Andrew Vesey, the head of Australia utility AGL Energy says that technologies in the electricity sector are changing so quickly that he not sure what the business model for the sector will turn out to be.

Vesey, in Paris to attend functions associated with the UN-sponsored climate negotiations, said technologies were getting smaller and smaller. And it will be up to the customer to shape how the energy industry evolves.

veseyHe said new business models will evolve, which will be largely based on how customers respond to new technologies – such as rooftop solar, battery storage and the “internet of things”, and the value chains these create.

“We have to have new business models to adapt to these new technologies,” Vesey said.

“I don’t know what they are yet. That’s the challenge we have, and that’s where innovation comes from. (We know) it’s going to be different.

Vesey said he already had to adapt the business model of the group once, following the purchase of its huge portfolio of coal-fired power stations under his predecessor Michael Fraser.

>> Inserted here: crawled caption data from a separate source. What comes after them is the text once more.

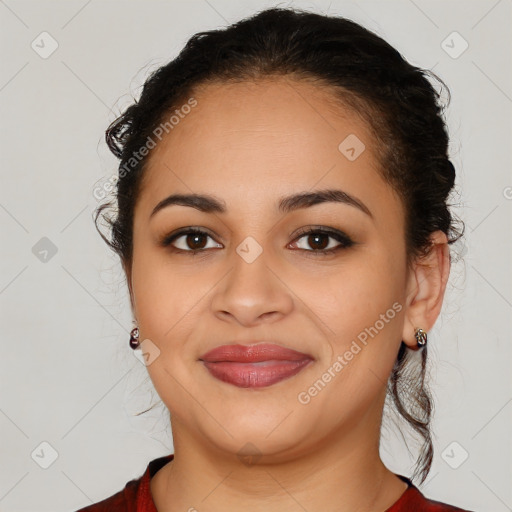 Joyful latino young-adult female with medium  brown hair and brown eyes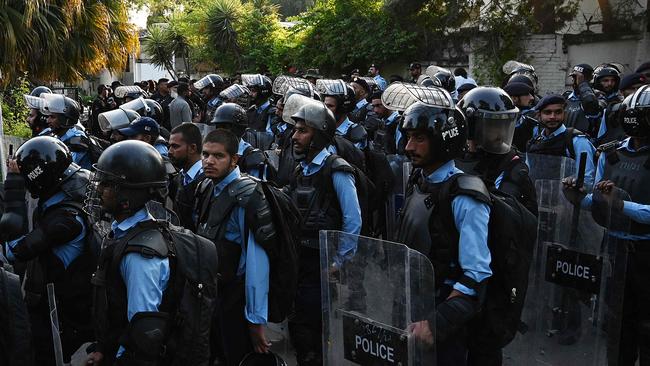 Riot polic cordon off a street as activists of right-wing religious Jamaat-e-Islami (JI) march toward the Sweden embassy during a demonstration in Islamabad on July 3, 2023, as they protest against the burning of the Koran outside a Stockholm mosque that outraged Muslims around the world. (Photo by Aamir QURESHI / AFP)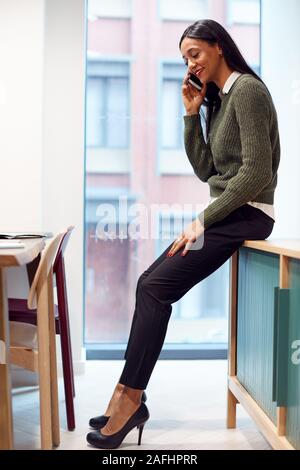 Businesswoman Sitting On Desk In Meeting Room Talking On Mobile Phone Stock Photo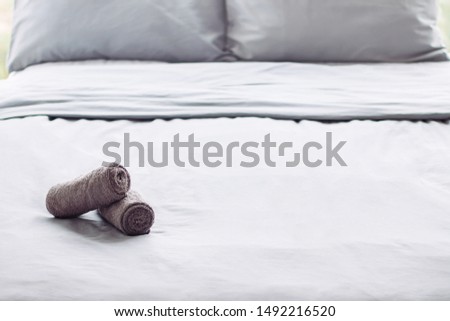grey clean perfect bed, ready for guests, hotel room, towel, linens, background
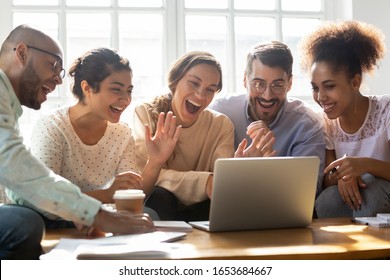 Five multi-ethnic millennial friends sitting on sofa looking at computer screen wave hands laughing enjoy distant communication with mate. Make videocall, greeting online by webcam modern tech concept - Shutterstock ID 1653684667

“When I first heard of this job, I looked at what AGL was and it said Australia’s largest owner and operator of renewable energy. By the time I got down here it was the country’s biggest emitter.

“So the first challenge I had when coming down here was in de-risking that portfolio.”

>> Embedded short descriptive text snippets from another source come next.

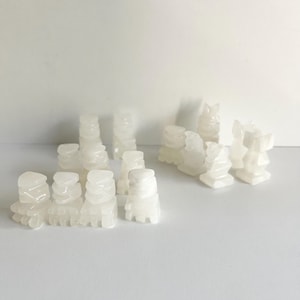 May include: A collection of white, carved chess pieces. The pieces are arranged in groups, with pawns, rooks, knights, and other pieces visible. The pieces have a smooth, polished appearance and are set against a plain white background.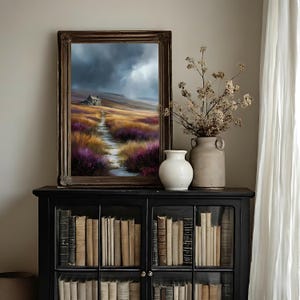 May include: A framed landscape painting depicts a path leading to a small house under a stormy sky. The path winds through fields of purple and gold flowers. A white vase and a rustic ceramic vase with dried flowers sit on a black cabinet filled with books.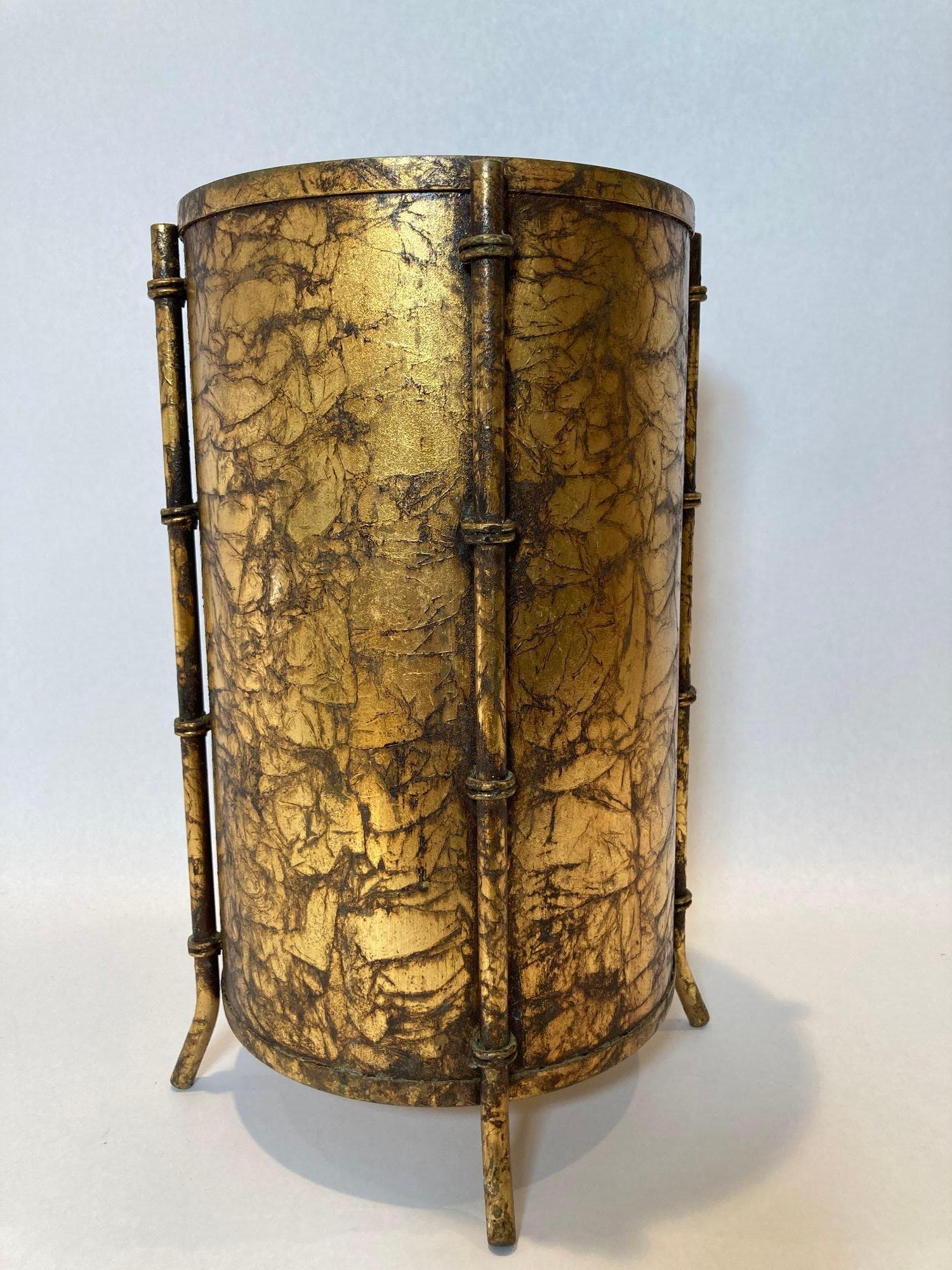 Vintage Italian Hollywood Regency Gold Leaf Small Round Iron Wastebasket Trash Can 1960s.
Vintage Hollywood Regency Italian footed gold leaf gilt faux bamboo finish metal wastebasket, trash can or planter pot stylish cachepot. With its sleek lines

Vesey is now looking at the consumer end of the market. He has created a New Energy division that ranks equally – although not yet in revenues or profits – with its established generation and retailing businesses.

It is looking at a range of new technologies – rooftop solar, battery storage, electric vehicles, and smart controls – and already has three different battery configurations now out in the market, and is exploring the smart meter market.

“We haven’t yet caught up with the consumer market,” he said, later adding that it was not clear exactly what the consumer wanted to get out of these technologies.

One offering he flagged was the creation of a “virtual power plant”, that would allow the aggregated output of 1,000 homes with batter storage (and presumably solar) that could be controlled and shared, and sold.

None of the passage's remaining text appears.